Iran said Monday it has started mining uranium for the first time and will soon open a facility to process the ore into fuel, vowing to move ahead with a nuclear program it says is solely for electrical production.

The project would give Iran, which Washington accuses of seeking to develop nuclear weapons, independent access to fissile material. In building its first power plant, to be completed later this year, Iran is relying on Russia for its nuclear fuel.

Mines near Ardakan, in central Iran, have begun extracting uranium from underground reserves, said Gholamreza Aghazadeh, the head of Iran's Atomic Energy Organization, according to the official Islamic Republic News Agency.

The United States has "grave concerns that Iran is using its supposedly peaceful nuclear program ... as a pretext for advancing a nuclear weapons program," State Department spokesman Richard Boucher said in Washington.

President Mohammad Khatami on Sunday announced the discovery of the reserves, near the central city of Yazd, and said Iran was setting up production facilities "to make use of advanced nuclear technology for peaceful purposes."

Iran insists it is following international regulations and that all its facilities are open to inspectors from the U.N. nuclear watchdog agency. The International Atomic Energy Agency said Monday it has been aware for several years of Iran's plans to mine and process uranium.

"This comes as no surprise to us, as we have been aware of this uranium exploration project for several years now," Melissa Fleming, spokeswoman for the Vienna-based IAEA said. She added that an IAEA team visited the mine in question in 1992.

IAEA head Mohammed ElBaradei is to lead a team to Iran on Feb. 22-23 to conduct inspections at two nuclear facilities at Natanz and Arak, in central Iran, IAEA spokesman Mark Gwozdecky said Monday.

Washington says those two facilities are part of a secret Iranian nuclear weapons program. President Bush has grouped Iran along with Iraq and North Korea as part of an "axis of evil" seeking to develop weapons of mass destruction.

Iran is building its first nuclear power plant at the southern port of Bushehr with Russian help. The United States has tried to dissuade Russia from assisting the project for a 1,000-megawatt reactor.

To allay U.S. fears that the fuel it is providing the Bushehr plant could be used for a weapons program, Russia agreed with Iran last year to take back the spent fuel rods from the plant.

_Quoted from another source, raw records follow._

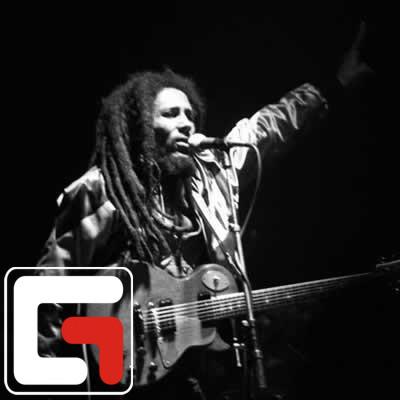 Bob Marley wallpaper №54743.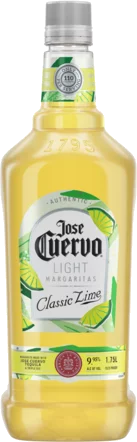 Cuervo Margarita Light 1.75L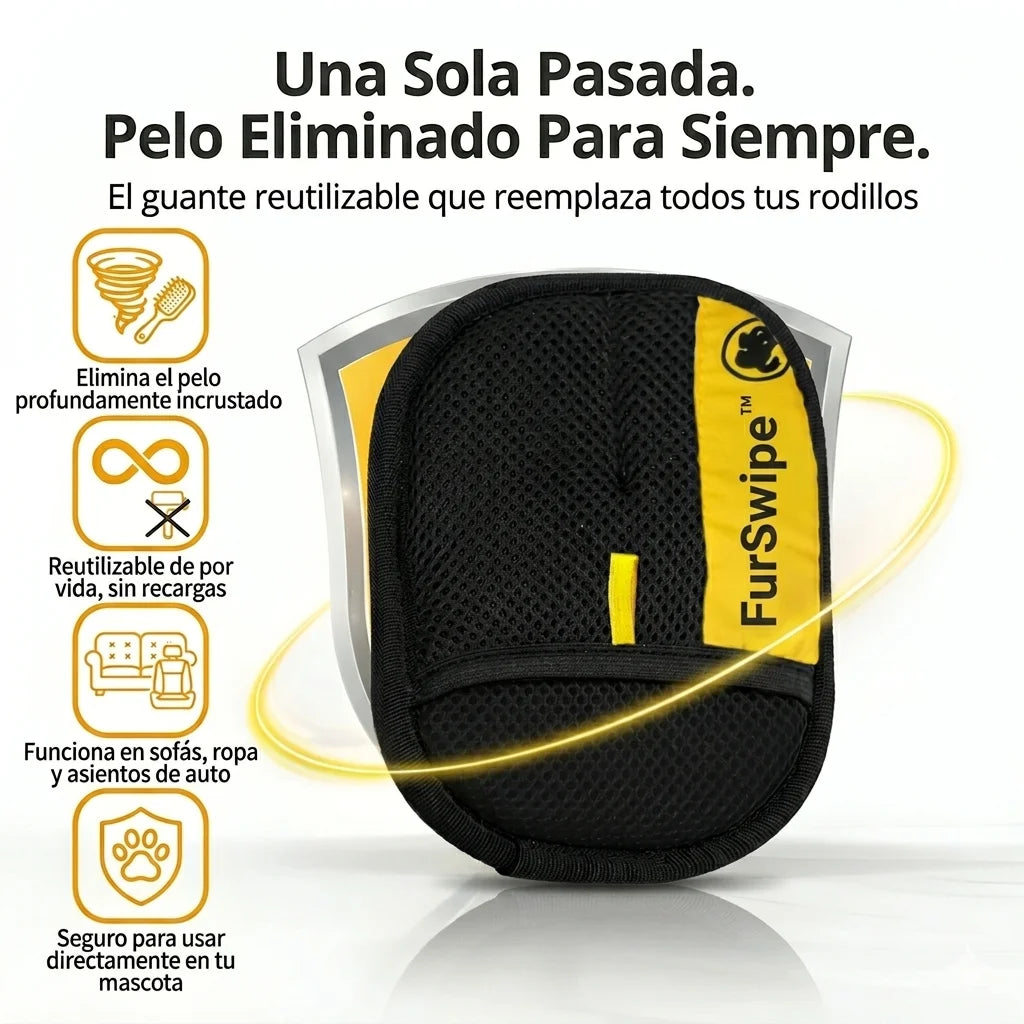 FurSwipe™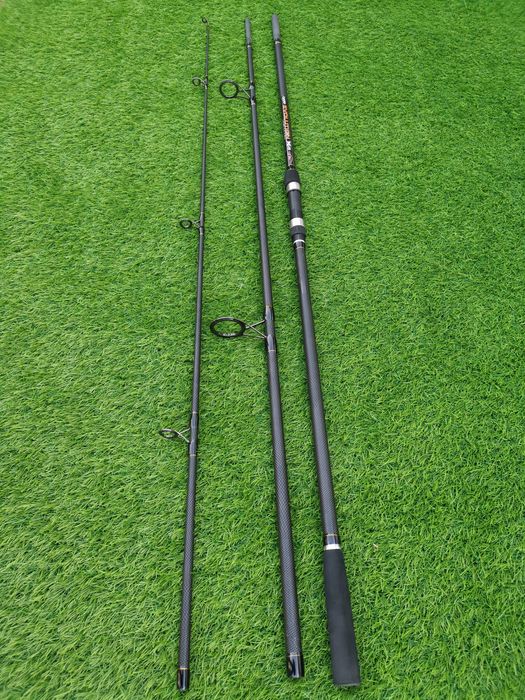 Шаранджийски комплект FL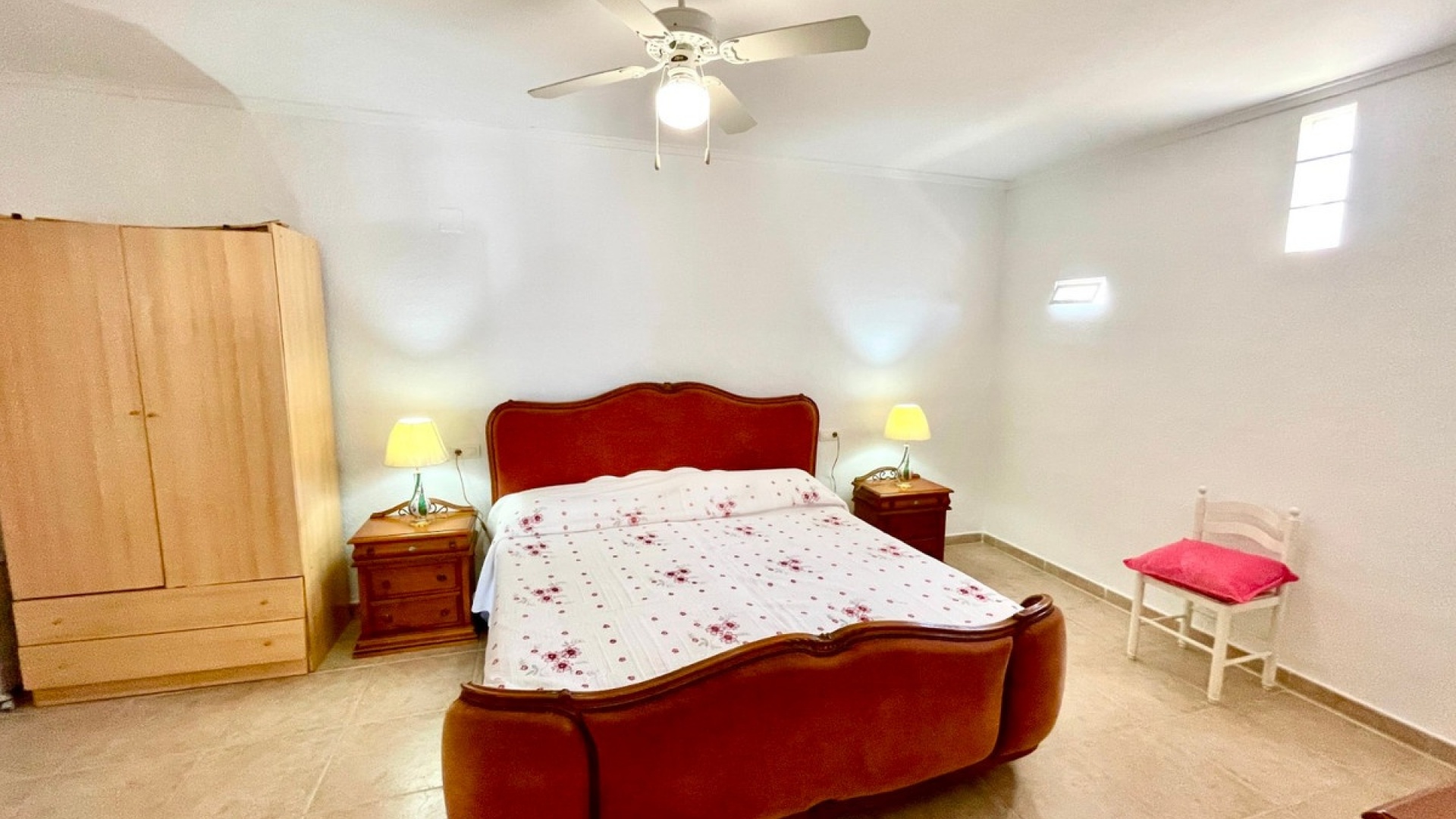 Resale - Villa - Daya Nueva - Daya Nueva Centro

Aghazadeh said that deal still held for Bushehr. But he said Iran hoped "in the not so distant future" to "complete the fuel cycle," meaning to have full facilities to produce and process fuel.

However, Boucher told reporters that "Iran's admission that it's been mining uranium when Russia has agreed to provide all the uranium fuel for the lifetime of the Bushehr reactor raises serious questions about Iran's supposedly peaceful nuclear program."

An Iranian opposition group has raised alarm about the two sites.

"Exploiting the current crisis in the region, the mullahs' regime has stepped up its efforts to acquire nuclear weapons," Alireza Jafarzadeh said, a spokesman for The National Council of Resistance of Iran.

A plant for processing the mined uranium ore into fuel will be completed "in the near future" in Isfahan, in central Iran, Aghazadeh said. The next stage would be to complete a facility for encasing the material into fuel pellets used in a reactor, he said.

Aghazadeh said the Isfahan factory would meet the fuel needs required for a previously unannounced facility in nearby Kashan. No further details were available on the Kashan plant, including what its purpose would be, and Iranian officials have not previously commented on it.

U.S. officials have said that Iran's lack of fissile material -- either enriched uranium or plutonium -- was a key stumbling block for its goals of either producing or acquiring nuclear weapons.